Gringos watching Colombians

By bogotapost October 30, 2015
Netflix Narcos

Wagner Moura as Escobar

The US, Hollywood-inspired vision of Colombia gets a revamp in the Netflix series Narcos, as Mike Mackenna explains


The new Netflix show Narcos makes it clear from the very beginning that it wants to take a nuanced view of US influence overseas. At the start of the first episode, Steve Murphy, the DEA agent who is supposed to be limited to an advisory role in Colombia, narrates for us how he implicitly ordered the local police to shoot up a crowded Medellin nightclub, killing a Pablo Escobar associate, but leaving inevitable civilian casualties.

This morally ambiguous take on the US role in Colombia is quite a step forward for high-profile depictions of the country. Just the fact that the show was actually shot in Colombia makes it a far cry from the likes of Mr. and Mrs. Smith, maybe the most prominent physical misrepresentation of Colombia. The movie opens with a scene that is supposed to take place in Bogotá; however, Brad Pitt and Angelina Jolie dance in light clothes not at all suitable to Bogotá’s climate, in some kind of open-air cantina that has no need for the kind of stand-alone heaters often used on the terraces of the capital’s bars. The gross inaccuracy of the scene probably owes something to the fact that it was filmed in Los Angeles.

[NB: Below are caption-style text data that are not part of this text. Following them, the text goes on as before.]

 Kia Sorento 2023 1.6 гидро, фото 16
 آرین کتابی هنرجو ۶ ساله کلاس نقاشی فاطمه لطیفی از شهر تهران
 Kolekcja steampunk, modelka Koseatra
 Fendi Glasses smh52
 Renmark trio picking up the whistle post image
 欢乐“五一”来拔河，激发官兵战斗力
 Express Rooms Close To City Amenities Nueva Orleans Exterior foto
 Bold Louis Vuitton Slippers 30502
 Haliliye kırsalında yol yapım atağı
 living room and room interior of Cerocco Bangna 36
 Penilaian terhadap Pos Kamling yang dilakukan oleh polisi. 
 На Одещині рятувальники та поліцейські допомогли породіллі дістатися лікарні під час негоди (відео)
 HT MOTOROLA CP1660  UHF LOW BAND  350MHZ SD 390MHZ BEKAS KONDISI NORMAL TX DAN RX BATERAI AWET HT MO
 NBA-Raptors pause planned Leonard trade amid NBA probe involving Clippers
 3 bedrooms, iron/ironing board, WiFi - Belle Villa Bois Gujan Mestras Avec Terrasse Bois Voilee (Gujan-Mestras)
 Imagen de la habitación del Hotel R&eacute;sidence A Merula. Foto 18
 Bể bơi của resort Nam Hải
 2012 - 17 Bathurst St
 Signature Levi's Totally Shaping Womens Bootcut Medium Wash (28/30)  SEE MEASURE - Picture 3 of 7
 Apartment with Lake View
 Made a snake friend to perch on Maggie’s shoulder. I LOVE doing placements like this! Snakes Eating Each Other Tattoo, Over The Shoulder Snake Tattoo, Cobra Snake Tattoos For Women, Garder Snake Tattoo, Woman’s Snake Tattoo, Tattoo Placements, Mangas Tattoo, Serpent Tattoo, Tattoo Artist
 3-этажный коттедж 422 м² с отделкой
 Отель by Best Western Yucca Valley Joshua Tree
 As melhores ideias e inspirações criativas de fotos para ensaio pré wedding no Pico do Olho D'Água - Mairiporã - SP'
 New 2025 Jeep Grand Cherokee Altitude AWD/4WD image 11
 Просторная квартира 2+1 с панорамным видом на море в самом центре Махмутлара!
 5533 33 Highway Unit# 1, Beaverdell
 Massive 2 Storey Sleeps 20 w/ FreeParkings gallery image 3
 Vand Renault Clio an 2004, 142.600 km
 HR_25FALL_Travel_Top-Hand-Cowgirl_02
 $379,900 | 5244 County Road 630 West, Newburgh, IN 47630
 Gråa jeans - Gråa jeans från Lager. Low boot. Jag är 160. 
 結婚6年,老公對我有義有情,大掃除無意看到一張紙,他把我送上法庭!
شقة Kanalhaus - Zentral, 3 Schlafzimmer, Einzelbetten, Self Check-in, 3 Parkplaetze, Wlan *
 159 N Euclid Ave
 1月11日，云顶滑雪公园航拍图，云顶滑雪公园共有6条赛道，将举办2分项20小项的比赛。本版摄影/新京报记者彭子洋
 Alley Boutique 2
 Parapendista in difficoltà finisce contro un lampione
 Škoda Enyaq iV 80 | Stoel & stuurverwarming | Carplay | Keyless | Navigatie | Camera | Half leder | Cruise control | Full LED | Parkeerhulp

Besides being based on the lazy idea that all of Colombia is tropical, the scene doesn’t miss a chance to exploit the stereotype of the country as a violent, lawless place. Bogotá, we’re told, is “apocalyptic” and “on fire.”

Narcos, then, is a major improvement on execrable movies like Mr. and Mrs. Smith, but that doesn’t mean it’s free of all the sins of past portrayals of Colombia.

By casting Brazilian actor Warner Moura as Pablo Escobar, Narcos made it clear it was disregarding the importance of Colombian Spanish in its portrayal of the bloody heyday of Colombian narcos. Moura isn’t even a native Spanish speaker, so hearing him try to speak in the distinctive paisa accent is like hearing Arnold Schwarzenegger attempt to imitate Tony Soprano.

Considering he spent just four months in Medellin preparing for the role, and that he’s using his second language, he really doesn’t sound that bad, but his halting Spanish is still glaringly obvious.

For other important roles, they did at least choose native Spanish speakers, though few Colombians. On the Narcos IMDB page, you have to go 12 actors down the list to find one who was born in the country, though the actor in question was raised in Spain, and 16 actors down the list to find one who was born and raised here. No wonder Colombian magazine Arcadia described the series as “implausible”.

Netflix Narcos

Pedro Pascal and Boyd Holbrook in Narcos

Despite the lack of Colombian actors in Narcos, it wouldn’t be entirely fair to say Colombians don’t have a voice in the series. By Hollywood standards, just the fact that the Latino actors speak Spanish to each other is an advance. It’s not like, say, the 2007 movie version of the García Márquez classic Love in the Time of Cholera, in which all the residents of Cartagena inexplicably speak English to each other. Surely a US audience would find it strange to watch Jay Gatsby and Nick Carraway converse in Spanish in 1920s New York.

But those are just the actors pretending to be Colombians. What about the actual Colombians? In a postmodern touch, the series had two actors from Colombian narconovelas (Juan Sebastian Calero and Christian Tappa) share scenes with characters they once played. Calero played narco Gonzalo Rodriguez Gacha in the series El Mexicano, and Tappa played Escobar’s right-hand man Gonzalo Gaviria in El Patron del Mal. In Narcos, both trade brief dialogue with other actors playing Gacha and Gaviria.
What are we to make of these casting choices? Sly winks by the Narcos creators at the Colombian series? Or a cursory attempt by them to involve local actors? Given how minor a role real Colombians play in the series, it’s hard not to suspect the series of tokenism.

So yes, Narcos is a step forward for the US entertainment industry, since it acknowledges the violence, humiliation, and resentment generated by US intervention in Colombia. However, its improvements are features that we should really take for granted in any production about the country: it was filmed here, with mostly Spanish-speaking actors, and it includes the Colombian perspective on the events in the story. Now that we’ve satisfied those barrel-bottom-scraping standards, can we please have more actual Colombians in the next production?